Almost all of the players on ASU have some sort of professional ambition in gaming. Maybe not long-term, but they're certainly dedicated until they can't do it anymore. Heroes of the Dorm is an ephemeral competition. It's an advertisement for HotS and the raw concept of eSports, a transparent attempt by ESPN to dig into a esoteric industry. Sure, these boys will keep playing and keep competing. They might go pro, and they might even prove amongst the few who make enough money to truly do this full time. But there's also the very realistic chance that this moment, the winning of Dorm, might be the peak of their careers. And they're trying to act accordingly, at least before their triumph.

A screenshot from 'Heroes of the Storm'

"I grew up with a big family, and the guys my age all played games together," says Udall. "We all watched Artosis and Tasteless, and they all wanted to play games professionally, so they're kind of living vicariously through me. They might be more hyped than I am. I'm hyped but stressed. But for them, they get to see me on stage and on stream. It's been an awesome experience."

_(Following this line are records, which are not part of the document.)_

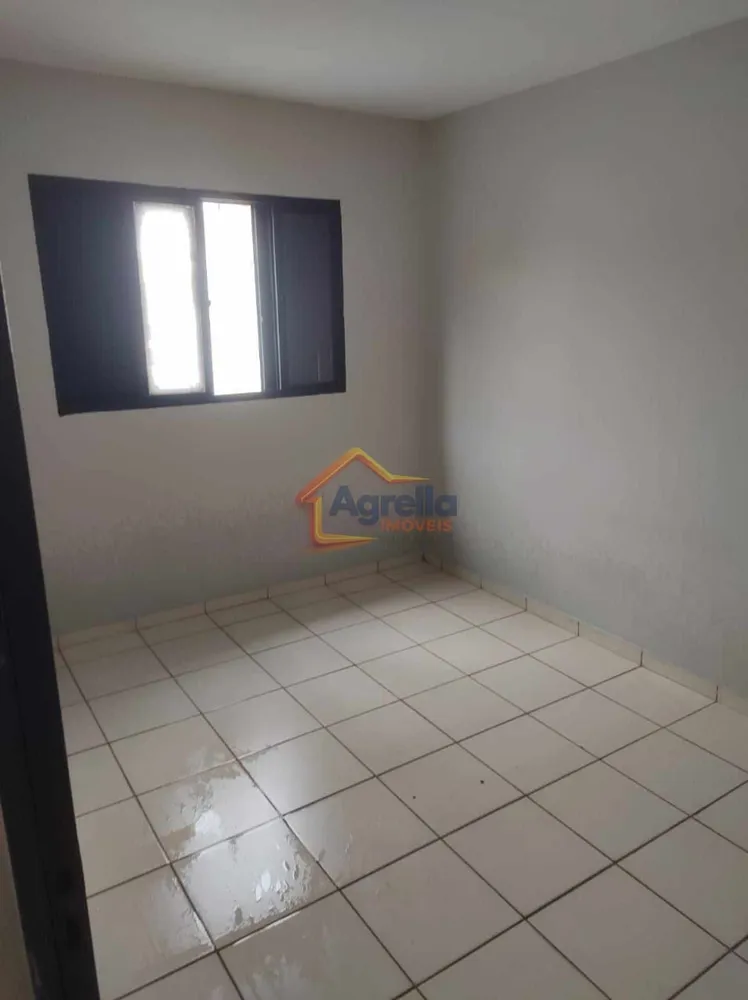 Casa de Condomínio, 2 quartos - Foto 3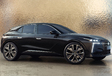 La DS 4 devient DS N°4 et s'offre une nouvelle version électrique #3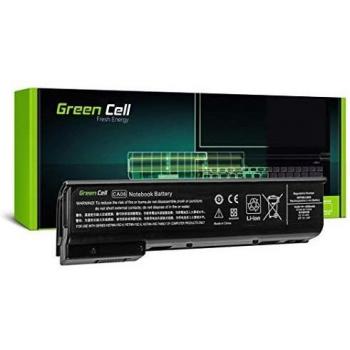 Greencell Batteria per PC portatile HP ProBook 640/645/650/655, 4400 mAh, 11,1 V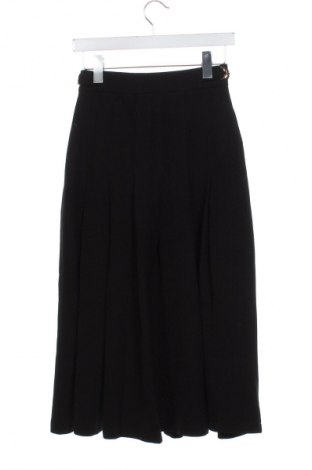 Rock Warehouse, Größe XS, Farbe Schwarz, Preis 64,99 €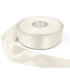 SATIN RIBBON 25 mm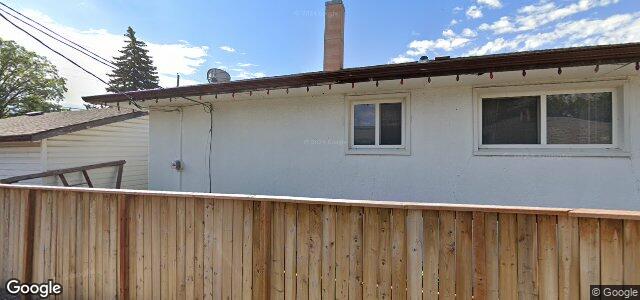 457 Aldine Street ਦੀ ਫੋਟੋ, ਵਿਨੀਪਿਗ, ਮੈਨੀਟੋਬਾ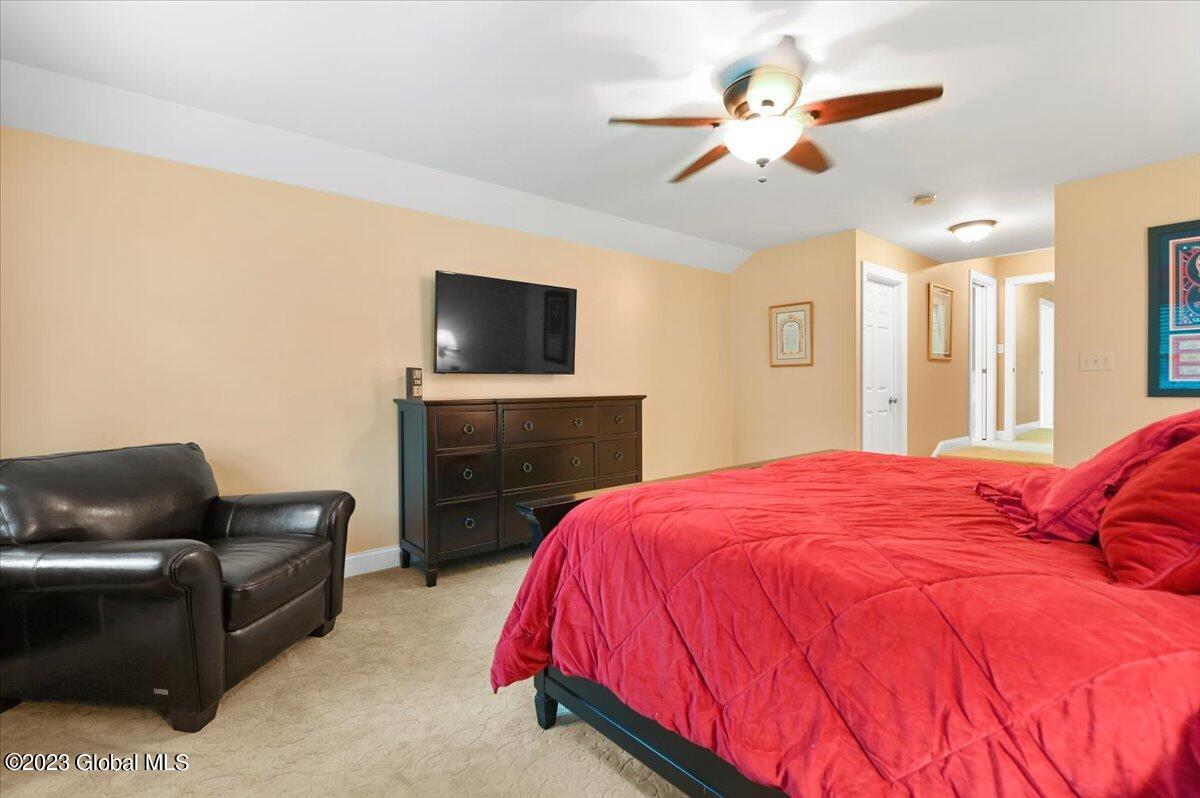 67 Lake Road Ballston, NY 12019 - Photo 27 of 41 34-FJD_2935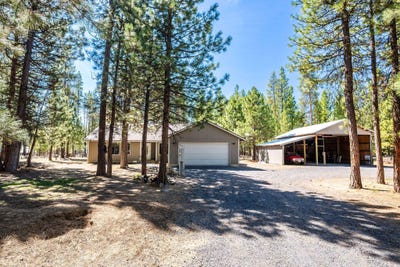 /international/us/153212-little-river-loop-la-pine-or-110099122004/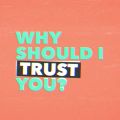 Profile picture whyshoulditrustyou.bsky.social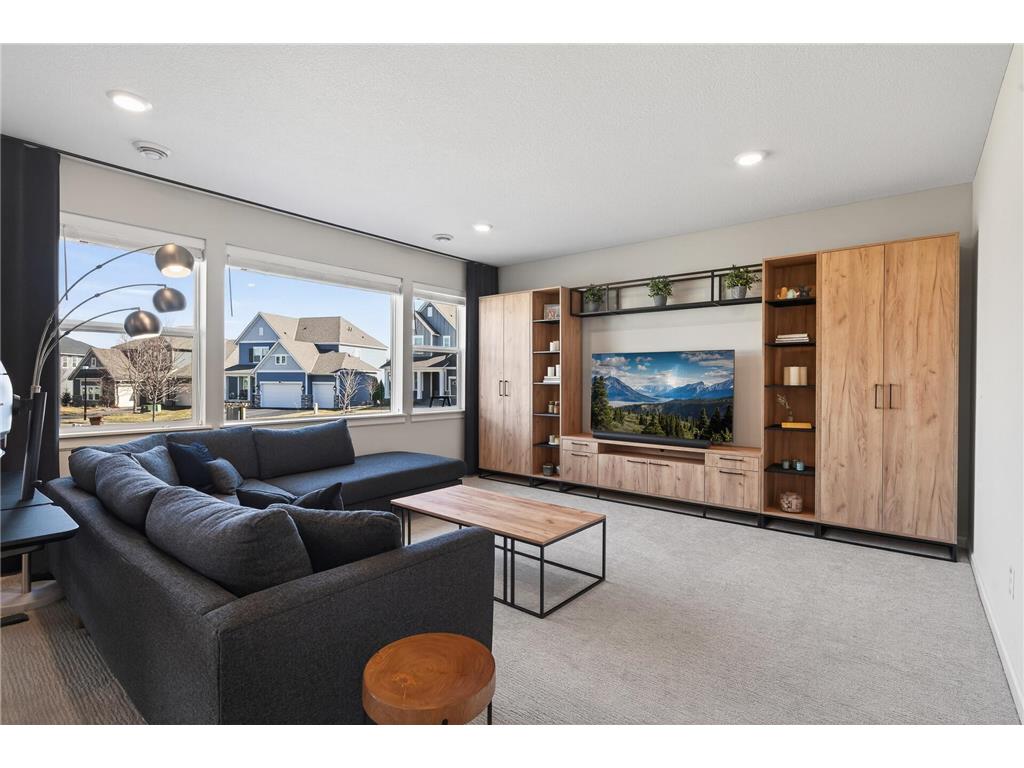 5970 Kimberly Lane N Plymouth MN 55446 7039384 image42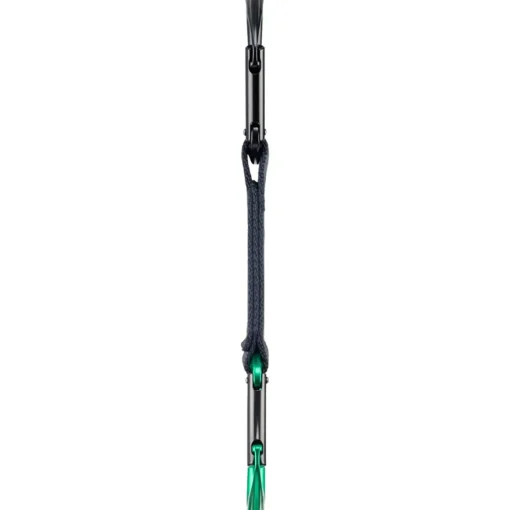 Fixe Puput Quickdraw climbing quickdraw* Quickdraws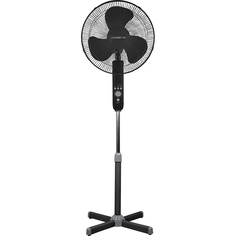 Напольный вентилятор Polaris PSF 2340 RC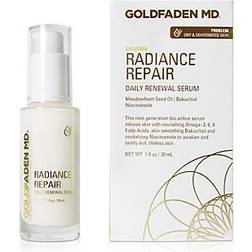 Goldfaden MD Radiance Serum 1fl oz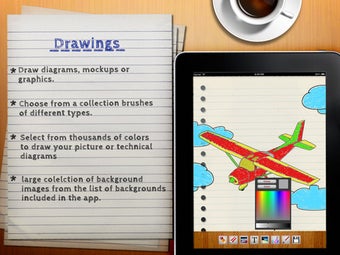 Imagen 0 para Notebook - Professional E…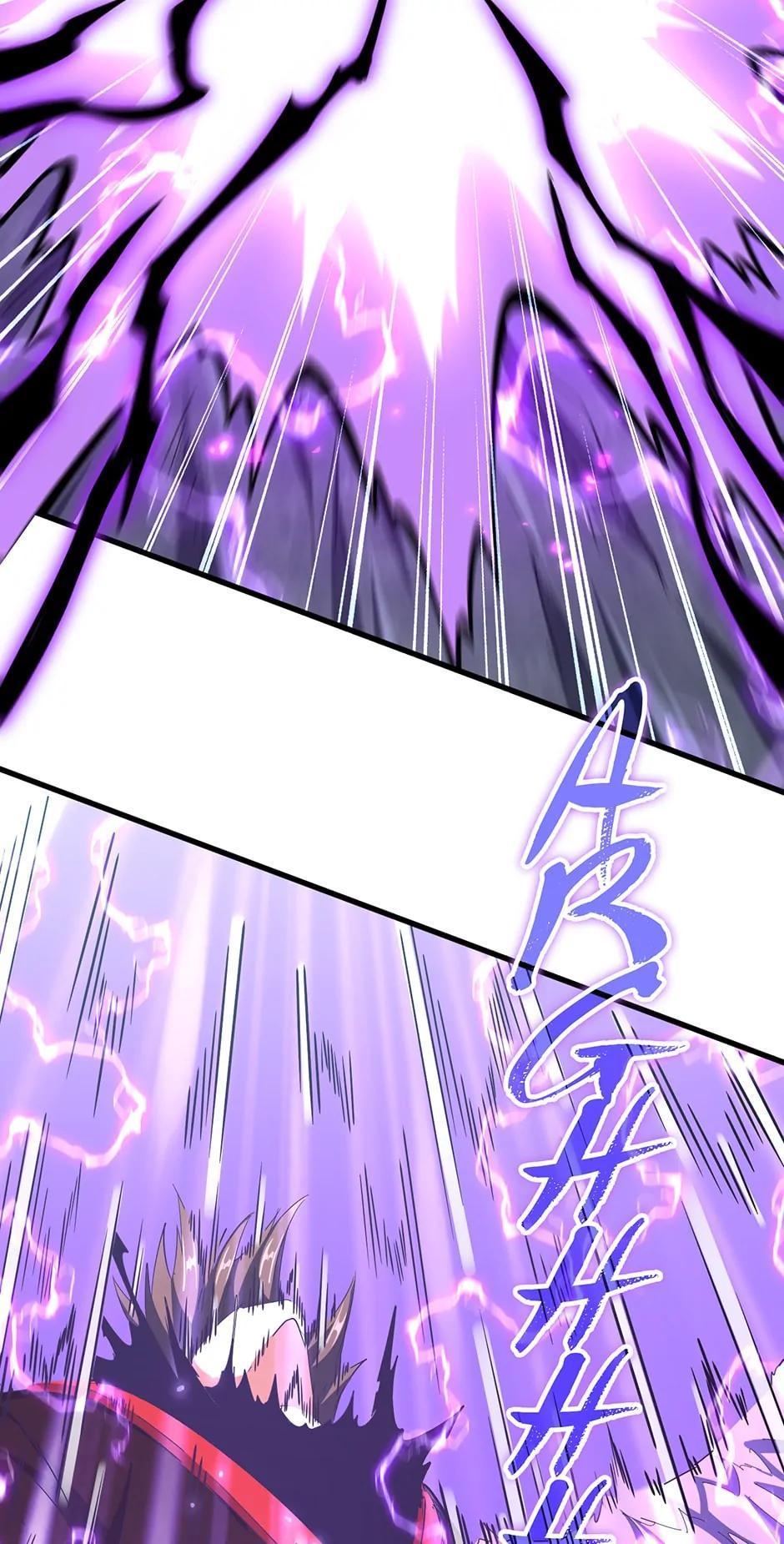 Chapter 347 — Episode 347 — Page 16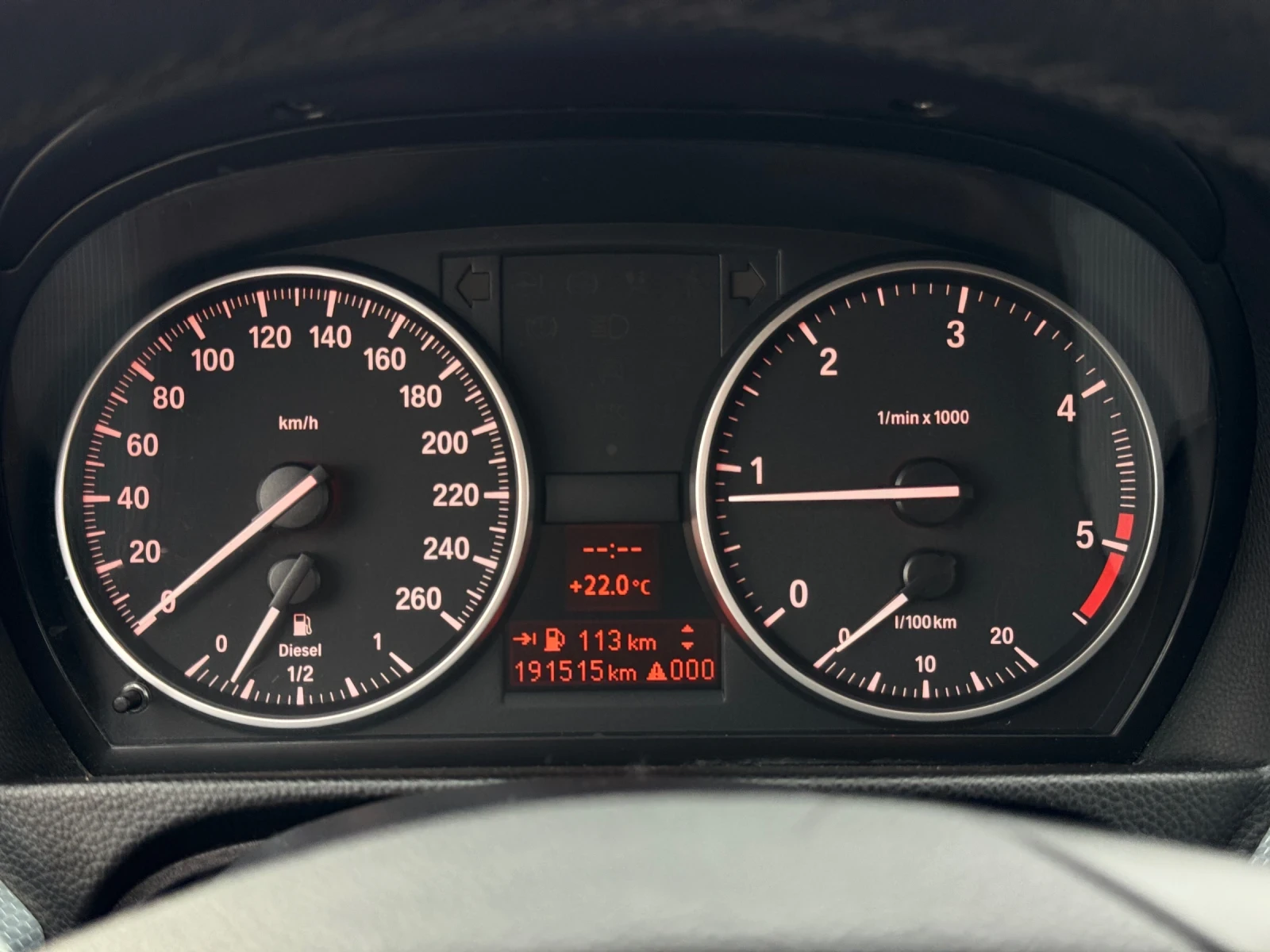 BMW 320 M-PACK* NAVI* RECARO* TOP, снимка 16 - Автомобили и джипове - 54947065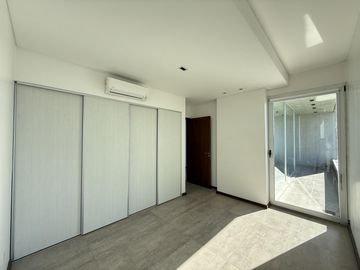 place photo 81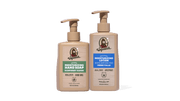 Hand Soap & Lotion Bundle V9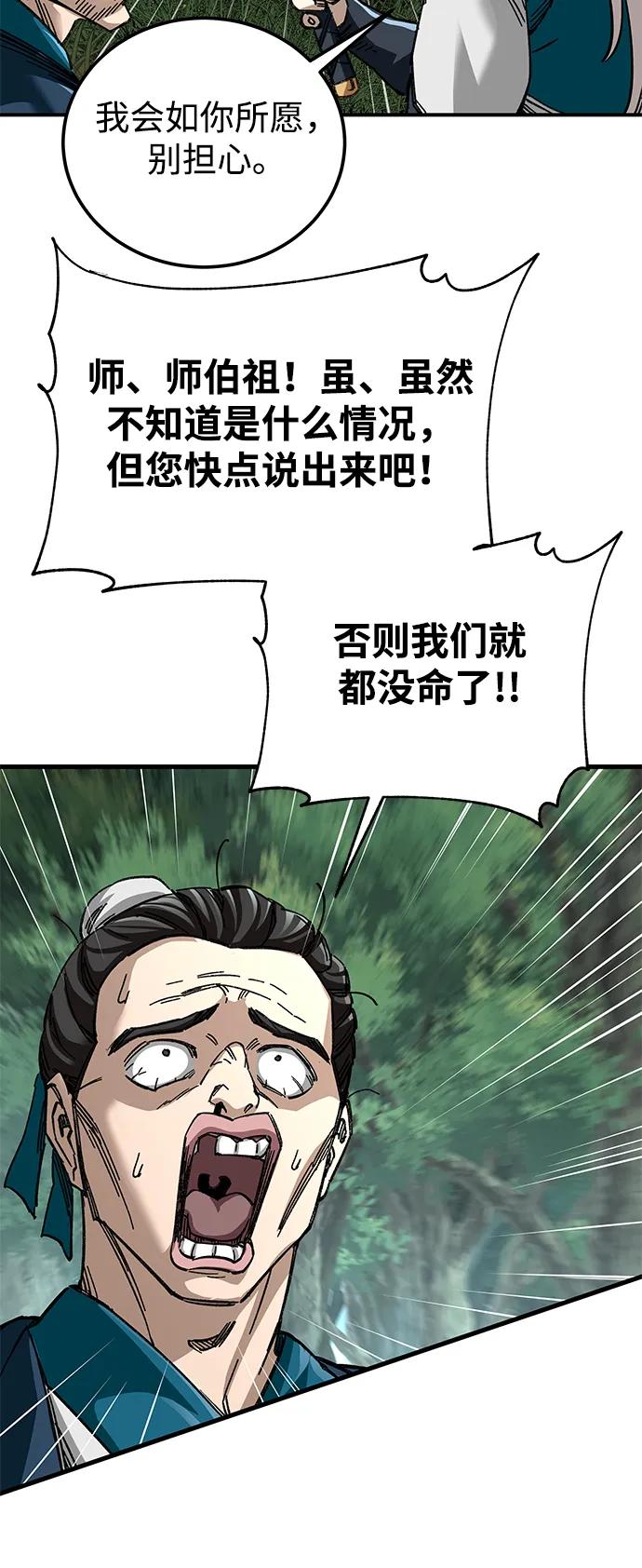 21.jpg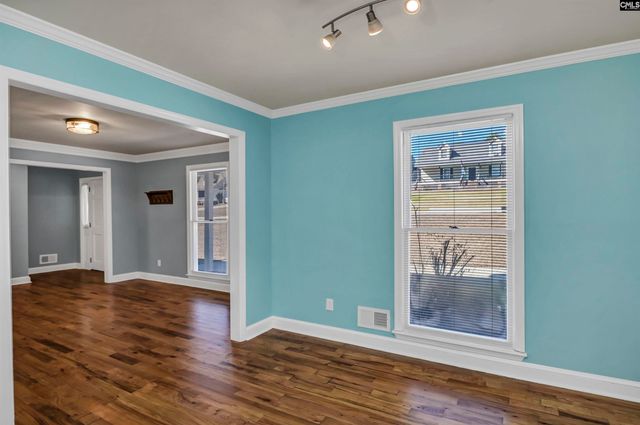 166 Cornish Way, Lexington, SC 29073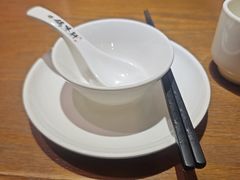 -鸽味轩·粤菜小馆(高楼门总店)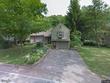 3316 tallyho ln, madison,  WI 53705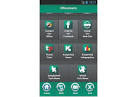 QR Scanner: Free Code Reader on the App Store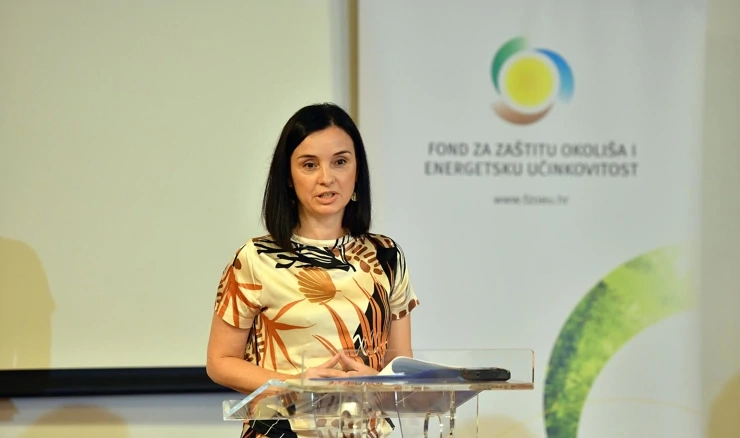 Marija Vučković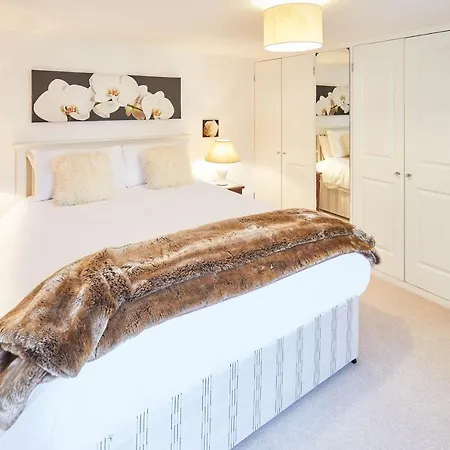 Host & Stay - Rose Cottage Stokesley Exterior photo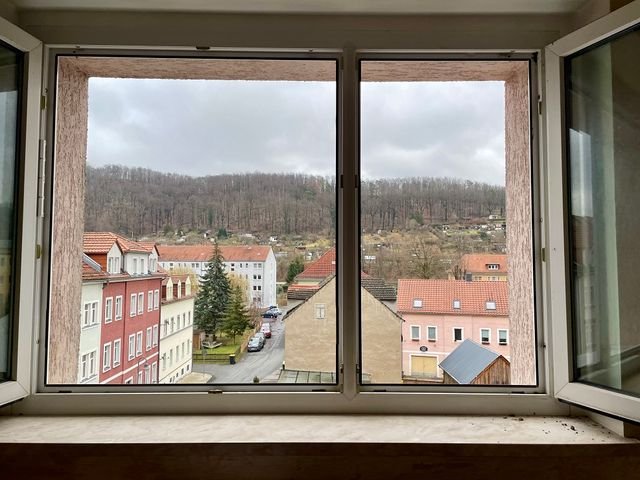 Immobilienbild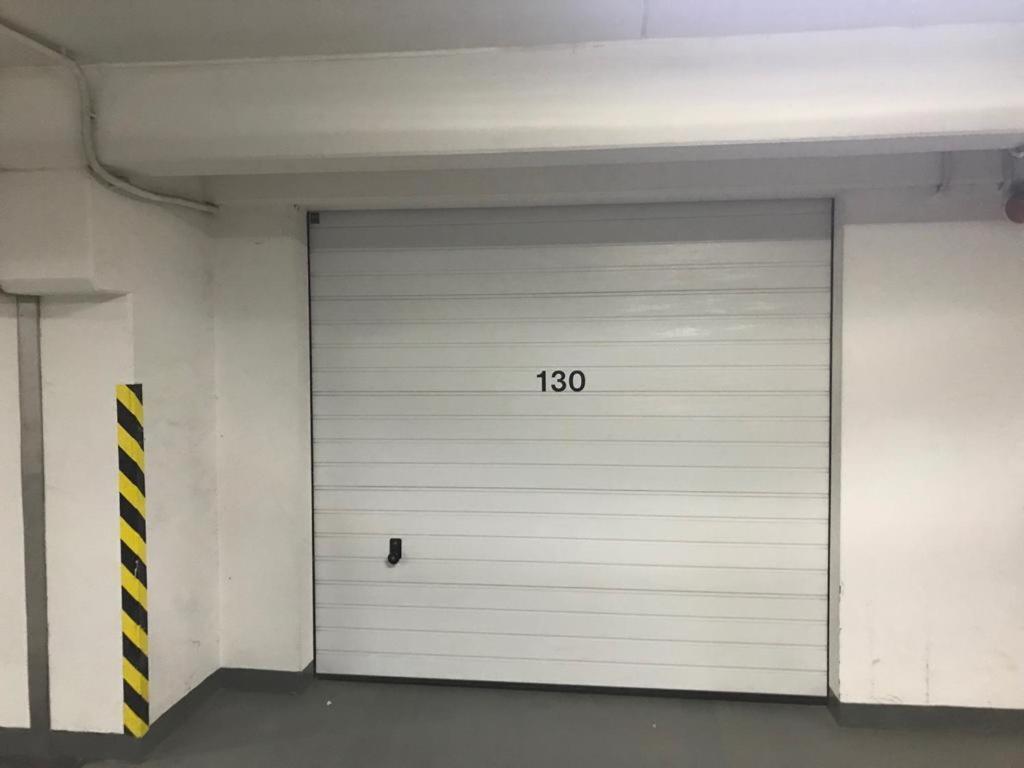 Apartmán Bella Donovaly v hotelovom komplexe Exterior foto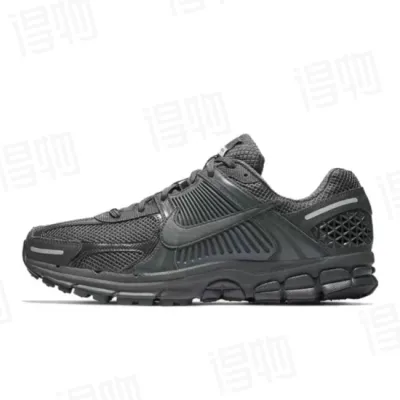 Nike Air Zoom Vomero 5 'Anthracite' 01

I often think about the commercial timing of professional gamers. There are transcendent Quake and Duke Nukem players who never ran into any significant financial rewards for their efforts, simply because they were peaking at a time where the scene wasn't as comprehensive or well funded. But even as the eSports business grows, you can't help but wonder what the fate of these young men from ASU might be now, compared to had they been born maybe five or ten years later. Perhaps they've blossomed a little too soon, before HotS develops a robust pro scene, before video games on TV is a usual sight on a Sunday night, and they'll ultimately be left out in the cold.

The situation reminds me of John Havlicek or Oscar Robertson or any great basketball player who worked tape-delayed games and microscopic paychecks before the NBA turned into the juggernaut it is today. These kids are holding onto a crazy, quite possibly unsustainable dream as hard as they possibly can. It's unfair, but it's out of their control. So they smile wide, and they only think about the future when they have to.

"I love LAN events. I adore LAN events. They're so much fun, and I don't know how many more I'll get to go to," says Shot, toward the end of our conversation. "You never know, a million things could happen. eSports is a huge experience. If I don't do it now, I might never get the chance, so I'm going to cherish every second of it."